Tuesday, June 22, 2010


Well, tomorrow's the day. I depart for Kenya at 9:20 in the morning. See you all in a few weeks!

On an entirely unrelated note, this made me laugh:

P.S. I just found out about the whole background/template thing.....so many to choose from! This discovery made my day :).

Monday, June 21, 2010

Being a kid in an adult's world...

....can be very confusing. When I attended WIFYR, I was by far the youngest in my critique group, and one of the youngest at the conference in general. I'm not saying there aren't other young aspiring authors out there, but the majority of serious writers are definitely adults. And once you get into the business of publishing....well, that's when you leave the world of kid-hood behind.

Now, I'm not a published author. I've taken some steps in the right direction, but I still have a long way to go before any one of my "books" hits the shelves. That being said, I've had some positive interactions with people in the publishing world, mainly editors and agents.

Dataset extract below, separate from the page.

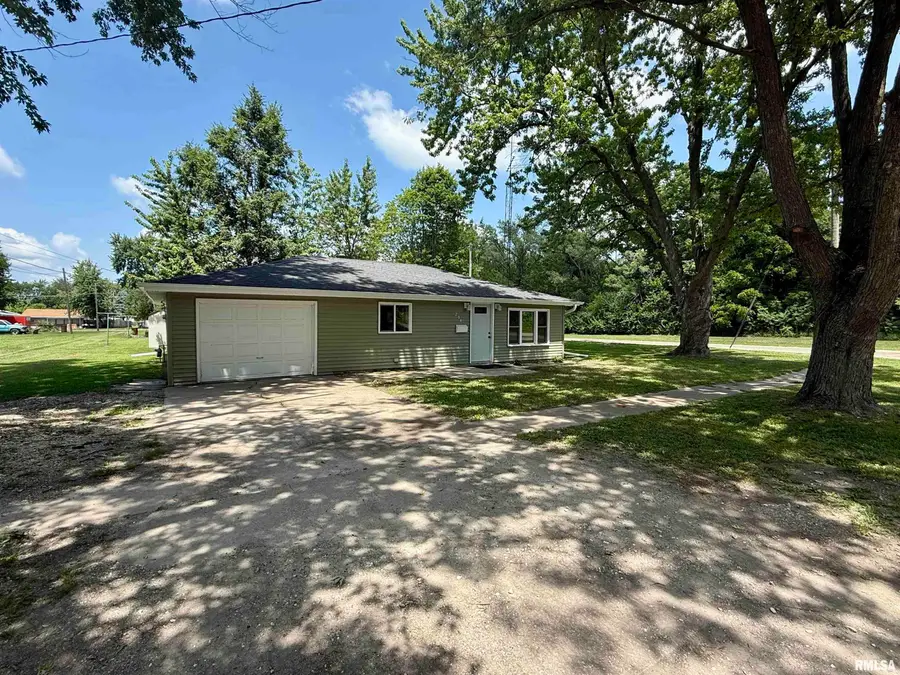 204 E Adams Street, Abingdon, IL 61410 - #3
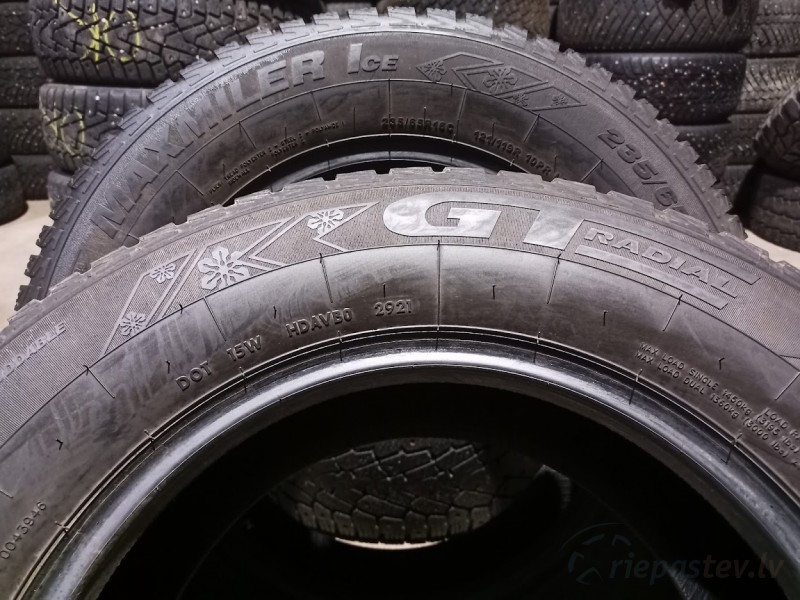 GT Radial Maxmiler Ice 121R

It makes me wonder how other industry professionals view young writers. Do they look down on us? Do they ever take us seriously?

The whole idea of adult superiority has been a barrier that I've struggled to overcome. In my WIFYR critique group, it was hard for me to think of myself as an equal, even though we all attended the conference for the same reason. I assumed the others were looking down on me as they would a child. By the end of the week, however, I had made friends with all of these wonderful men and women, and my inferiority complex was drastically reduced. For the first time, I knew I was being taken seriously as a writer and person. I think winning the first page contest was especially gratifying for this exact reason. Although I've won contests before (Scholastic being the biggest), I had never entered one with adults. Winning has verified, in my mind at least, that my writing can stand up against adult work as well as teenage writing.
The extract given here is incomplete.